EXERCISE => Any picture in the range stays out of the copy; retype exactly the lines from the one with "Yamagata Tendo Room" to the end of the listing.

TASK DATA =>

━━━

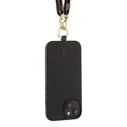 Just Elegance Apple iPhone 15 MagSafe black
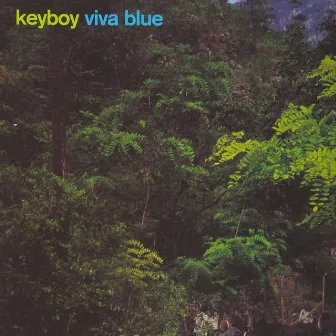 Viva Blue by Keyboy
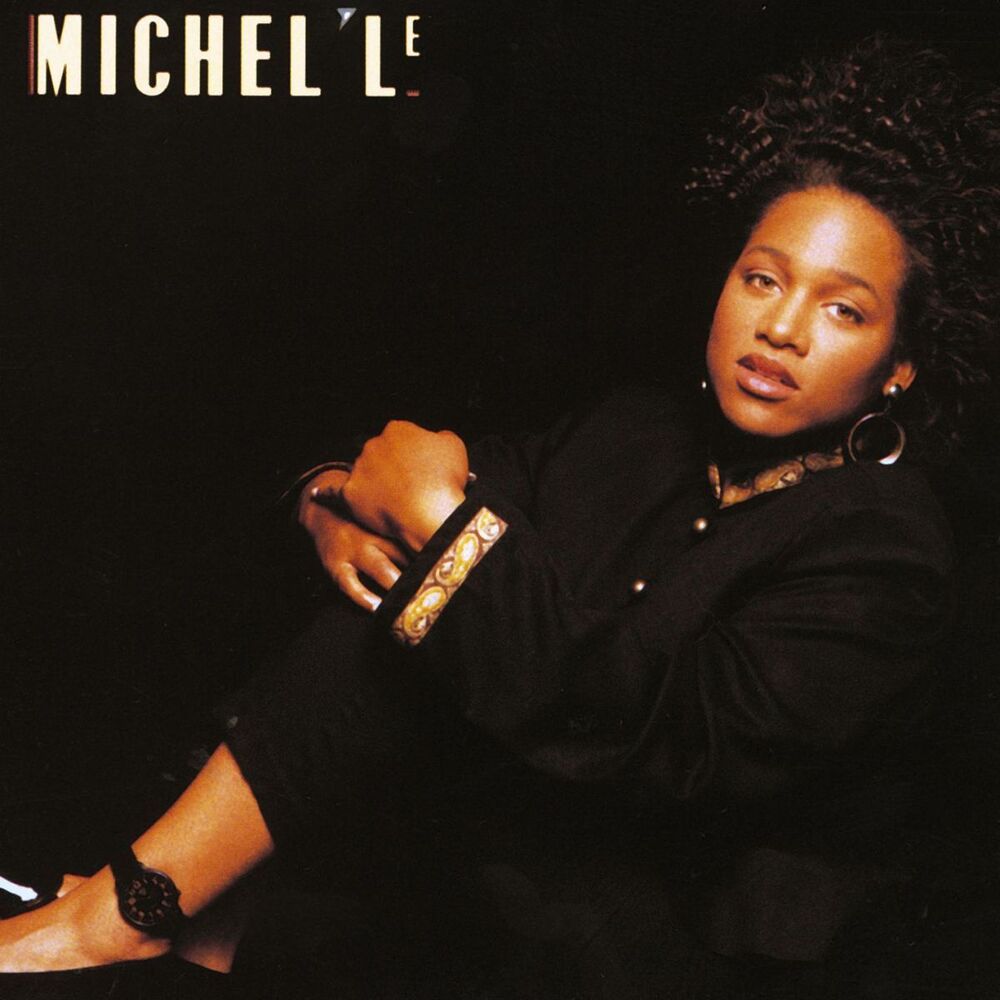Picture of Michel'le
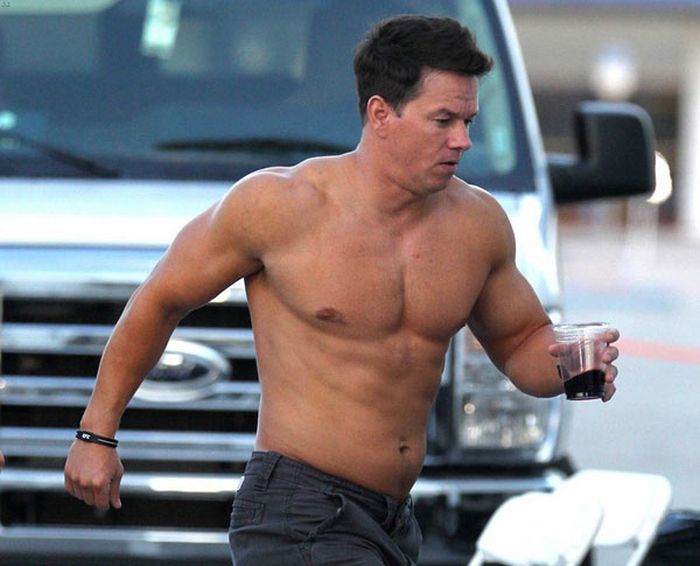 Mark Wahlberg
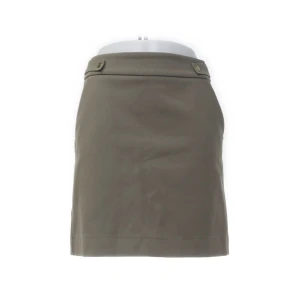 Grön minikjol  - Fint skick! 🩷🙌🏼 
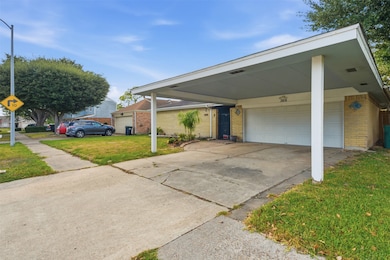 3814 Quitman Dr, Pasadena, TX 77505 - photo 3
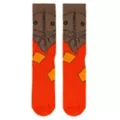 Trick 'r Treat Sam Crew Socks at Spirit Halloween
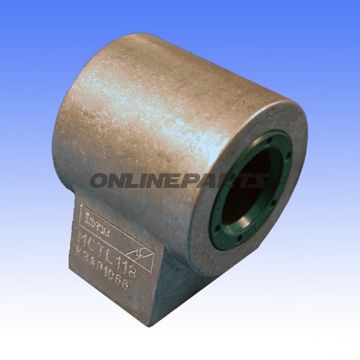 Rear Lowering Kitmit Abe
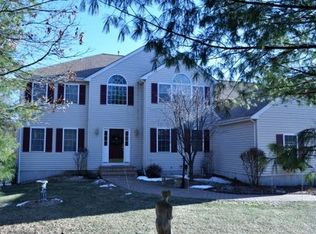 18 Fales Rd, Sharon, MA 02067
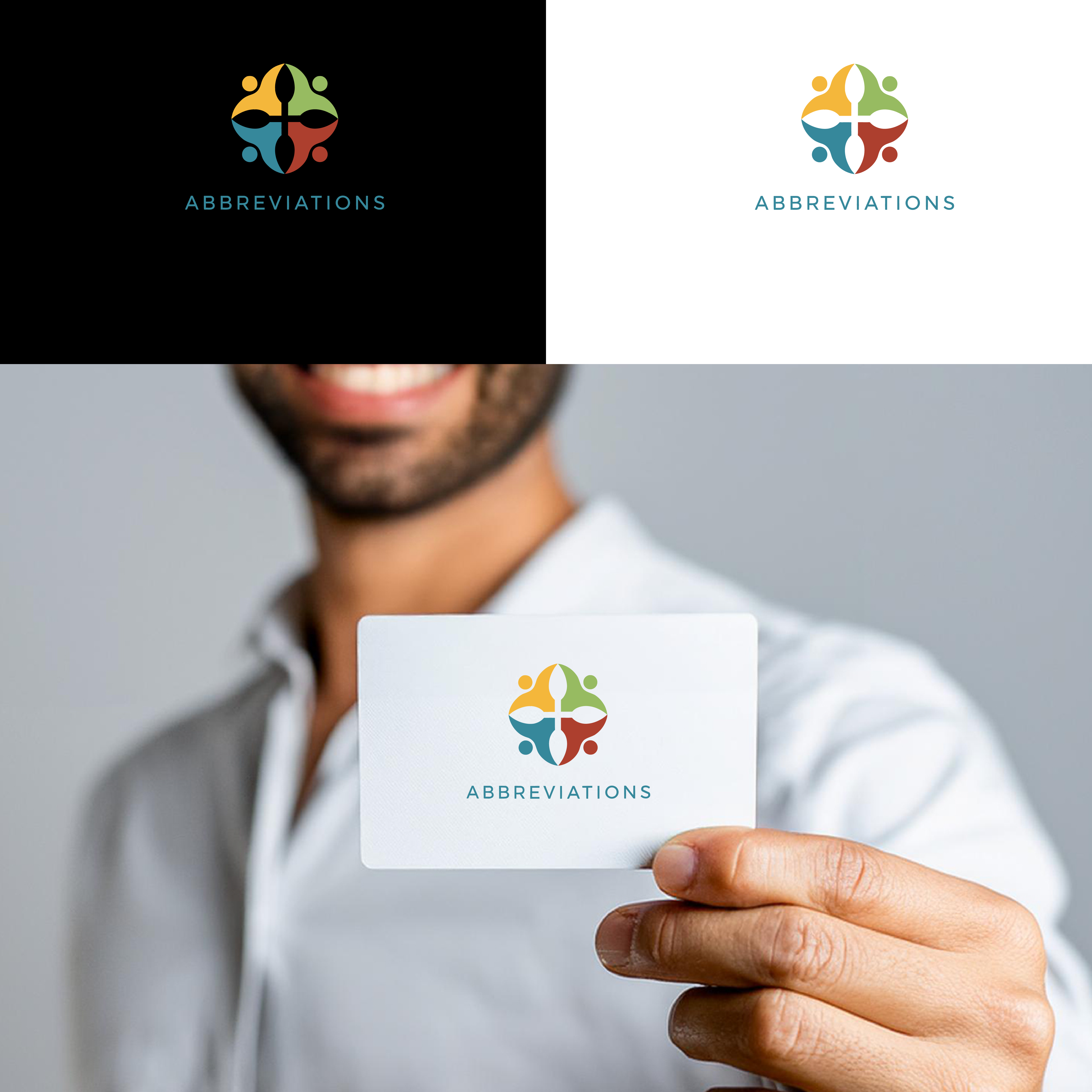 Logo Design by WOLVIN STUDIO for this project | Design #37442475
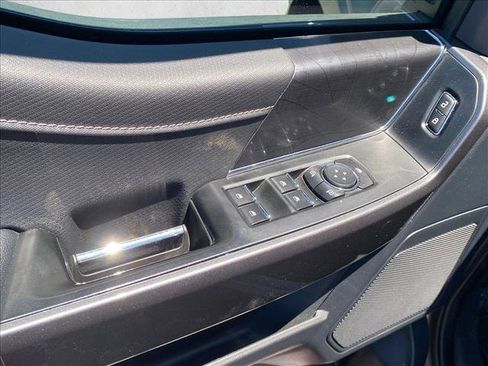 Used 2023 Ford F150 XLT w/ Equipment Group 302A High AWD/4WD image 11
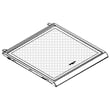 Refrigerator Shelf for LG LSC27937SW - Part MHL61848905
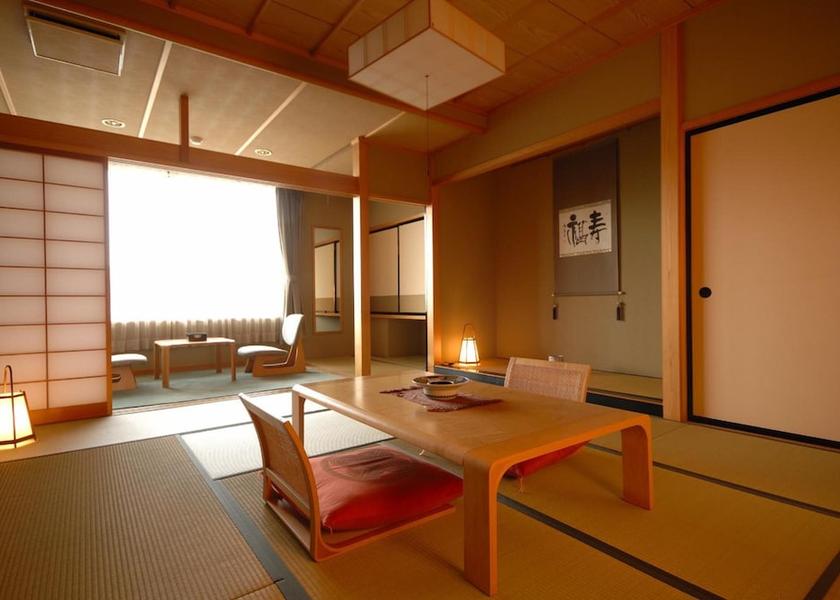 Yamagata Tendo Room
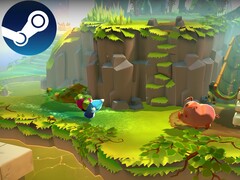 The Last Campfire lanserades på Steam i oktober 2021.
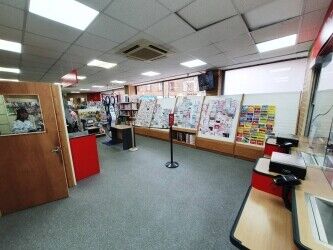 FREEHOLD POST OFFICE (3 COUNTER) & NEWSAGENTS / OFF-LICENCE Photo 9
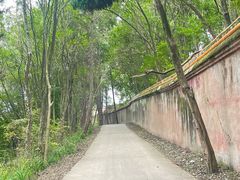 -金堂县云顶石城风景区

━━━

EXERCISE OUTPUT =>
 Yamagata Tendo Room
 The Last Campfire lanserades på Steam i oktober 2021.
 FREEHOLD POST OFFICE (3 COUNTER) & NEWSAGENTS / OFF-LICENCE Photo 9
 -金堂县云顶石城风景区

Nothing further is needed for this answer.